What needs to be done:
When you repeat the entries below, keep each word exactly as it is and drop the pictures.

(Captioned web image data)
****************************************
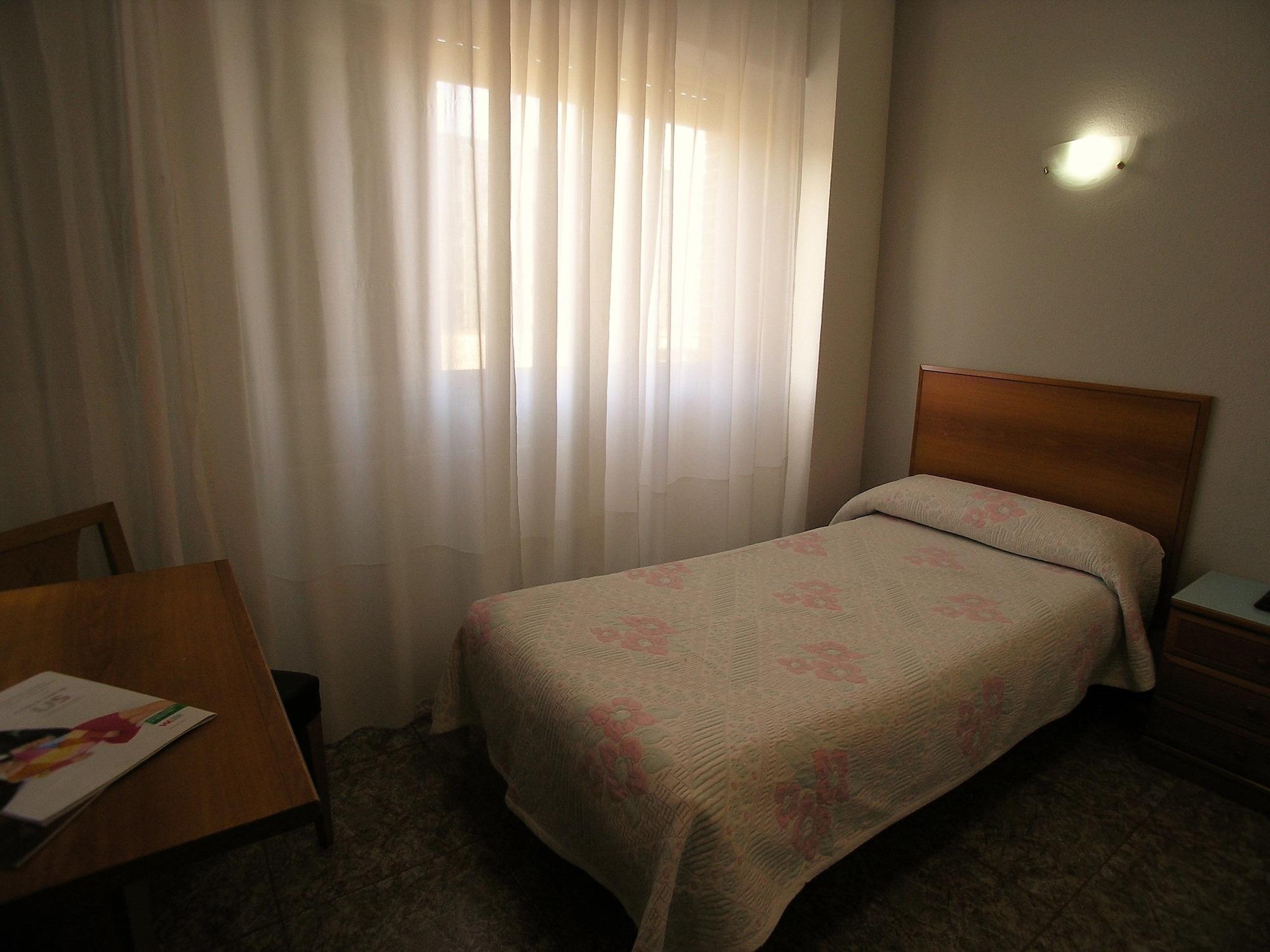 Hotel Iraipe Gorbea Auto Check-In à Vitoria-Gasteiz Extérieur photo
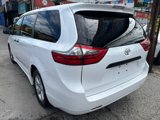Used 2020 Toyota Sienna L image 4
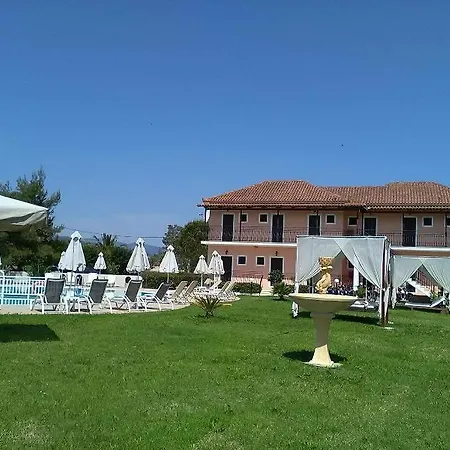 Eleni's Garden & Castello Apartman *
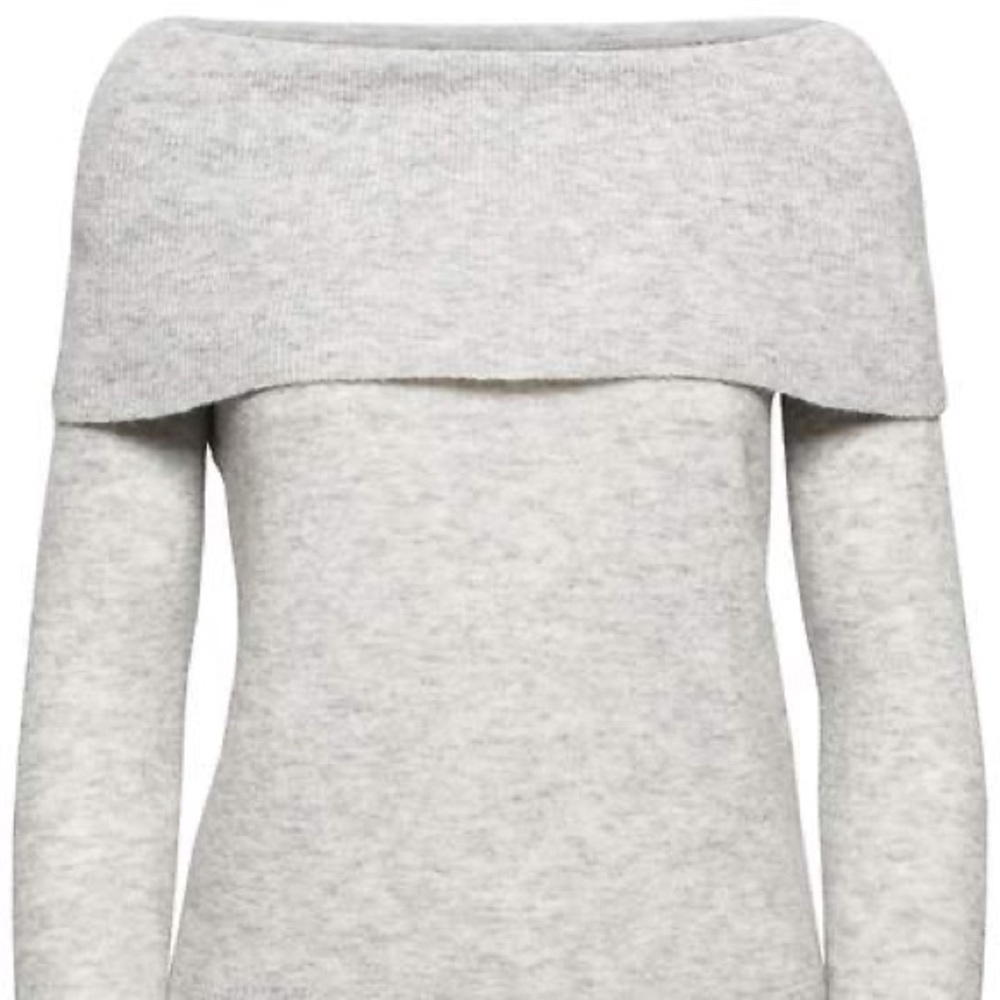 BANANA REPUBLIC PETITE OFF THE SHOULDER SWEATER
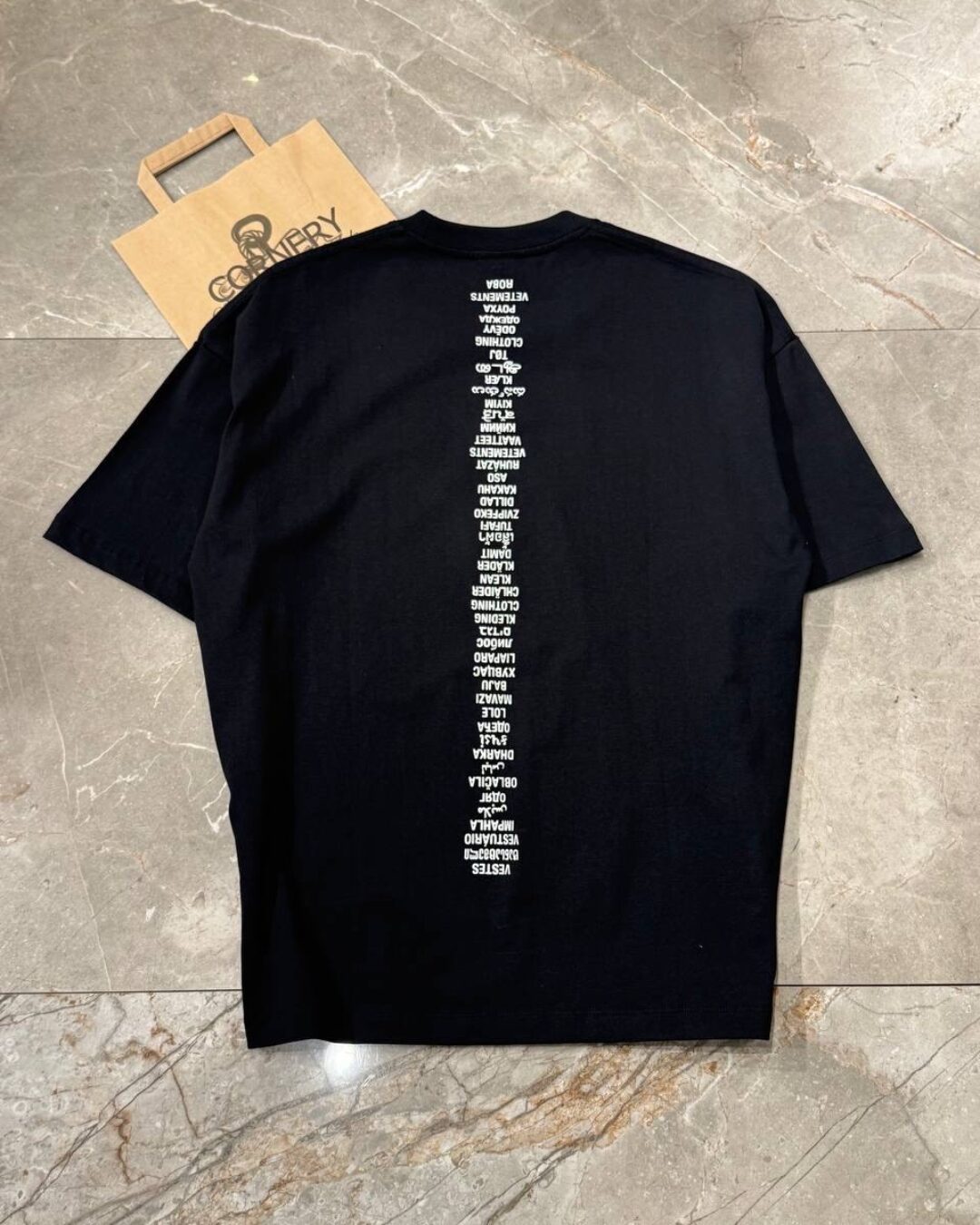 Футболка Vetements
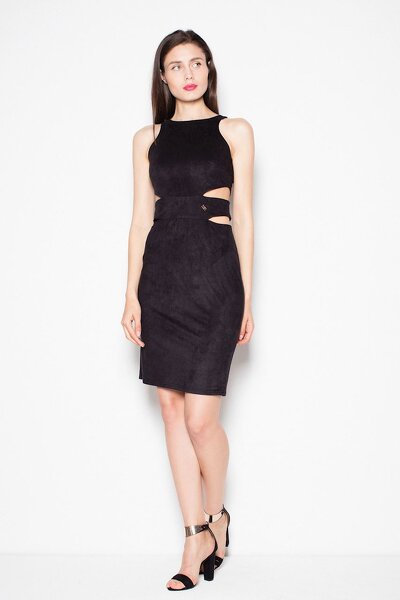 Czarna zamszowa sukienka z wcięciami w talii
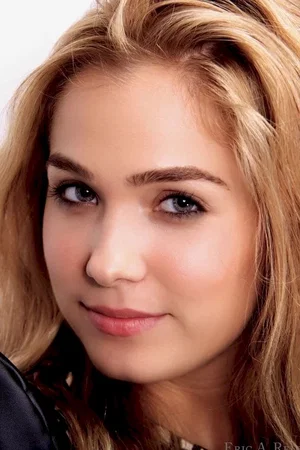 Haley Lu Richardson photo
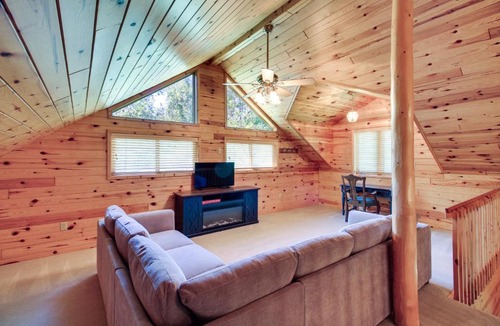 Nevis House | Fire Pit & Screened Porch! 3.5-Acre Nevis Retreat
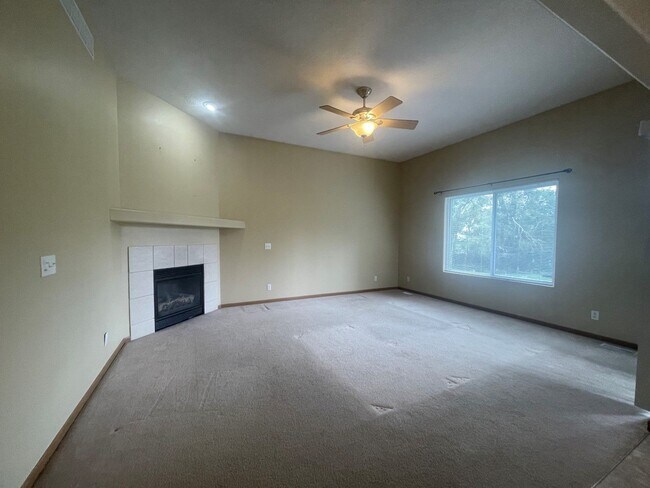 Building Photo - Home For Rent Papillion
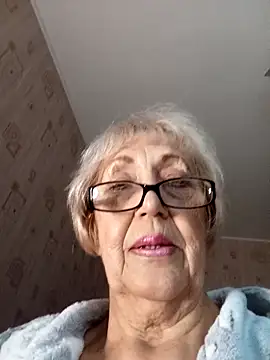 Snapshot of Anatolia5961 chatting on October 17, 2:19 pm Anatolia5961 online show from October 17, 2:19 pm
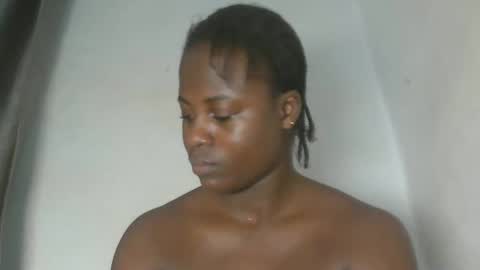 Snapshot of sexy_petitqueen chatting on April 2026 04:00:01 AM sexy_petitqueen online show from April 2026 04:00:01 AM
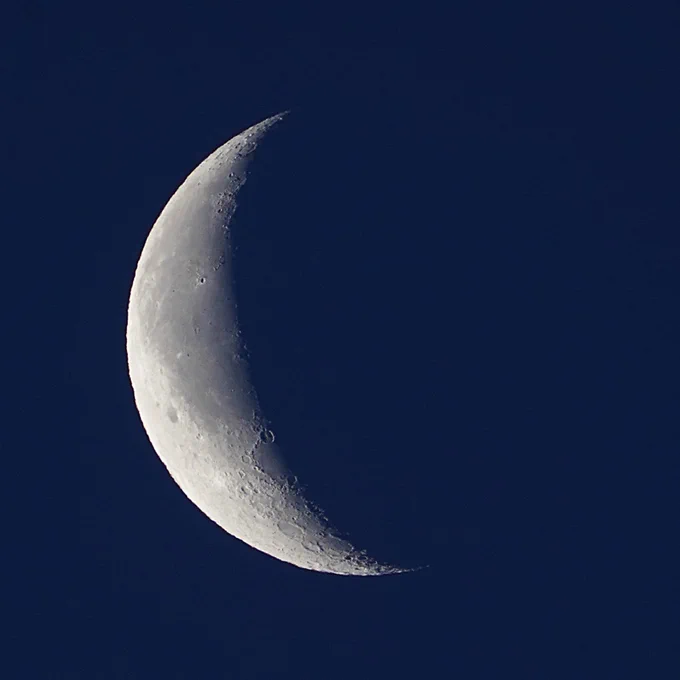 25% Waning Crescent Moon above #Manhattan New York City on May 12, 2026 by A.K., WorldTimeZone #moon #todaymoon #CrescentMoon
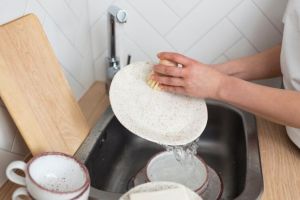 kitchen cleaning tips things to avoid doing dishes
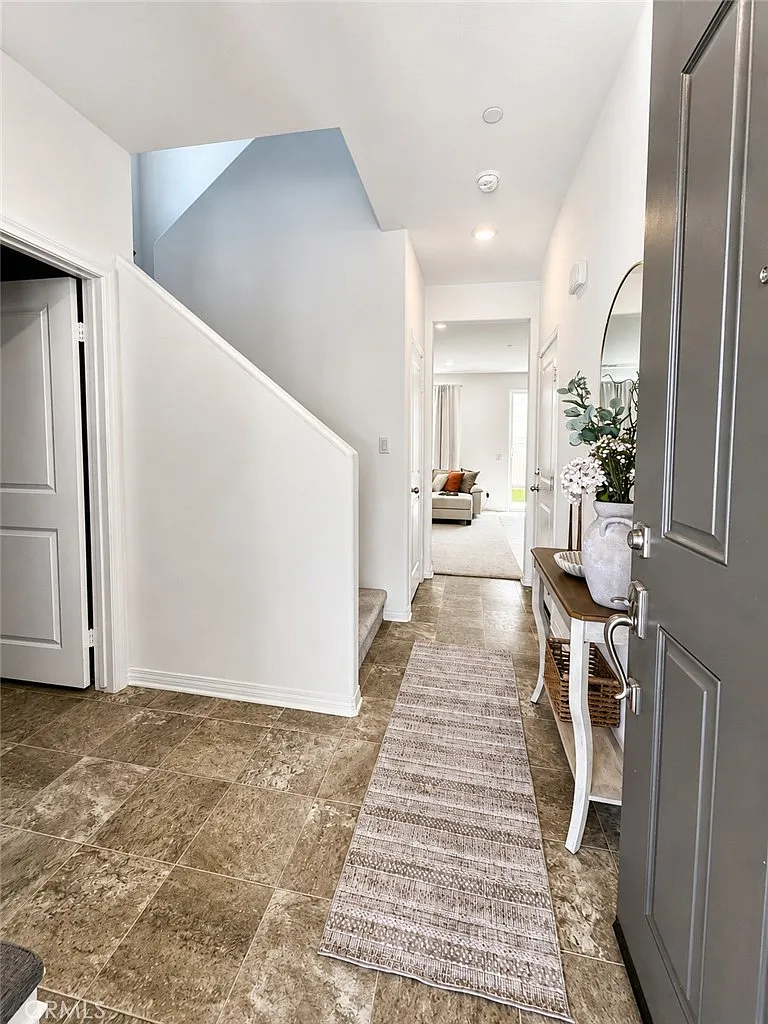 3 bed, 2.5 bath, 1937 sqft, $3,250 — Photo 3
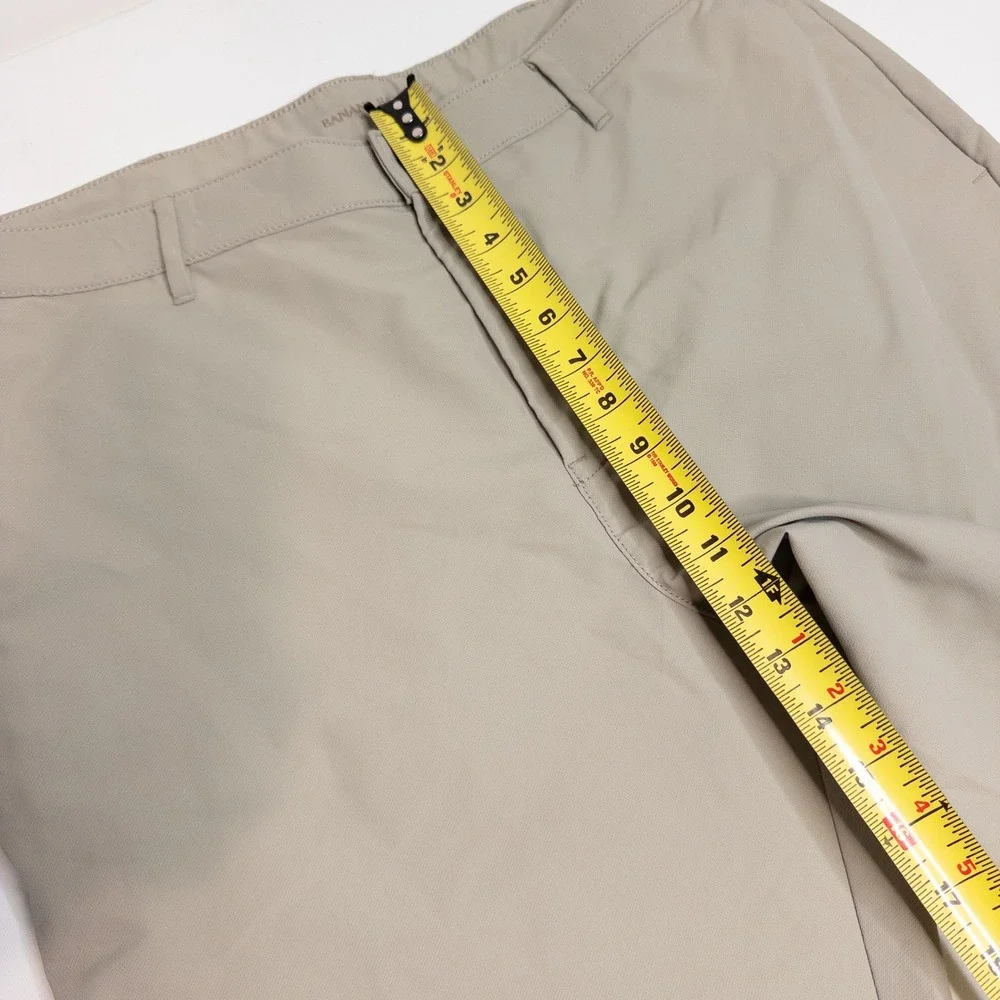 Banana Republic Chino Pants Mens 38x32 Khaki Tan Good Core Temp Performance
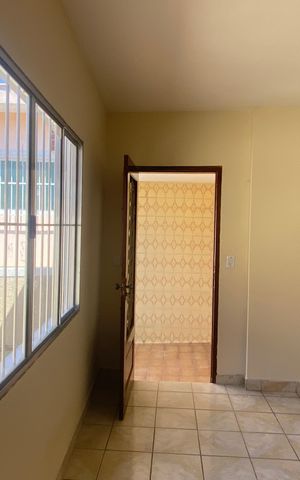 Casa para alugar com 109m², 2 quartos e 1 vaga Casa para alugar com 109m², 2 quartos e 1 vagaSala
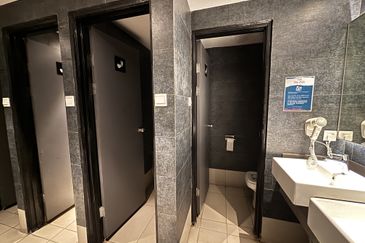 City Hotel l Renovated l Furnished l Gaya Street l 6.5Storey Hotel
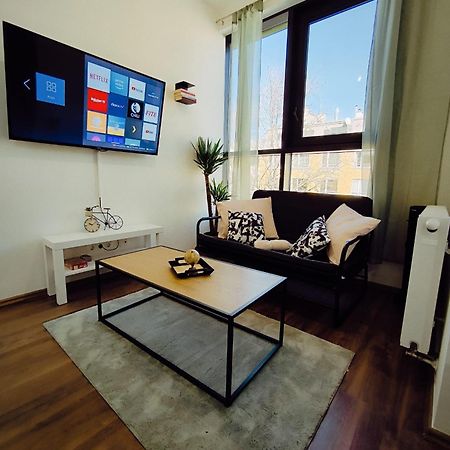 Pretty Apartment Next To Metro Station เวียนนา ภายนอก รูปภาพ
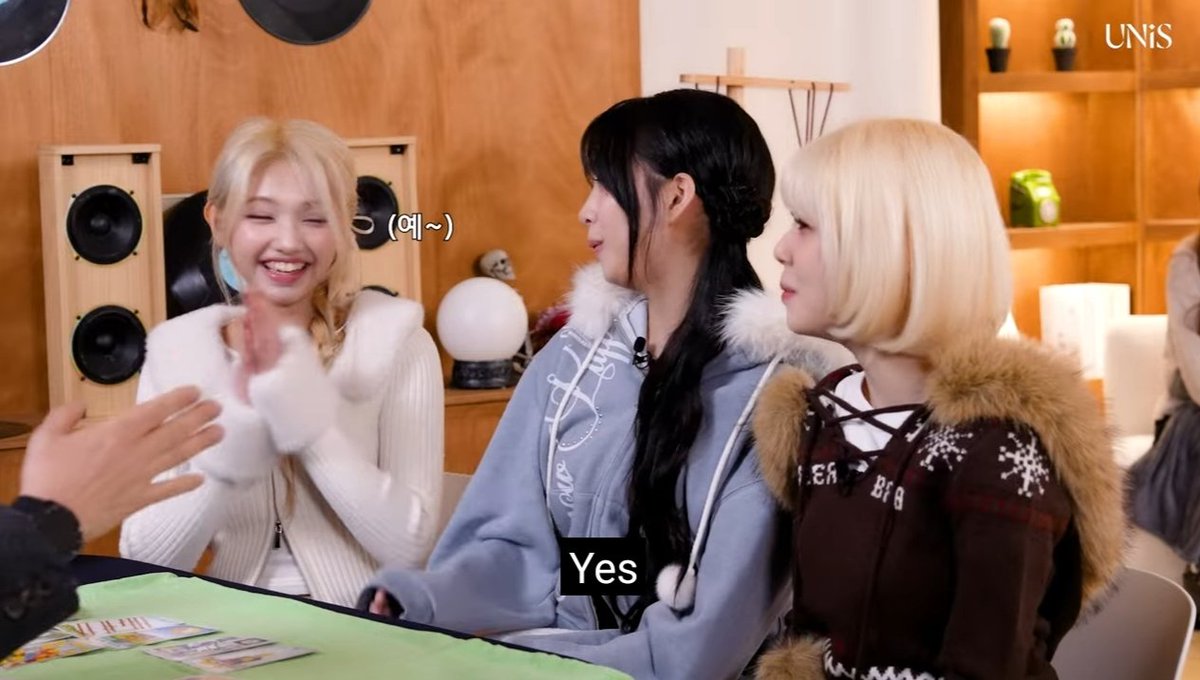 if they are not married then what??!

#UNIS #유니스 #GEHLEE #NANA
****************************************
Finished exercise:
 Hotel Iraipe Gorbea Auto Check-In à Vitoria-Gasteiz Extérieur photo
Used 2020 Toyota Sienna L image 4
 Eleni's Garden & Castello Apartman *
 BANANA REPUBLIC PETITE OFF THE SHOULDER SWEATER
 Футболка Vetements
 Czarna zamszowa sukienka z wcięciami w talii
 Haley Lu Richardson photo
 Nevis House | Fire Pit & Screened Porch! 3.5-Acre Nevis Retreat
 Building Photo - Home For Rent Papillion
 Snapshot of Anatolia5961 chatting on October 17, 2:19 pm Anatolia5961 online show from October 17, 2:19 pm
 Snapshot of sexy_petitqueen chatting on April 2026 04:00:01 AM sexy_petitqueen online show from April 2026 04:00:01 AM
 25% Waning Crescent Moon above #Manhattan New York City on May 12, 2026 by A.K., WorldTimeZone #moon #todaymoon #CrescentMoon
 kitchen cleaning tips things to avoid doing dishes
 3 bed, 2.5 bath, 1937 sqft, $3,250 — Photo 3
 Banana Republic Chino Pants Mens 38x32 Khaki Tan Good Core Temp Performance
 Casa para alugar com 109m², 2 quartos e 1 vaga Casa para alugar com 109m², 2 quartos e 1 vagaSala
 City Hotel l Renovated l Furnished l Gaya Street l 6.5Storey Hotel
 Pretty Apartment Next To Metro Station เวียนนา ภายนอก รูปภาพ
 if they are not married then what??!

#UNIS #유니스 #GEHLEE #NANA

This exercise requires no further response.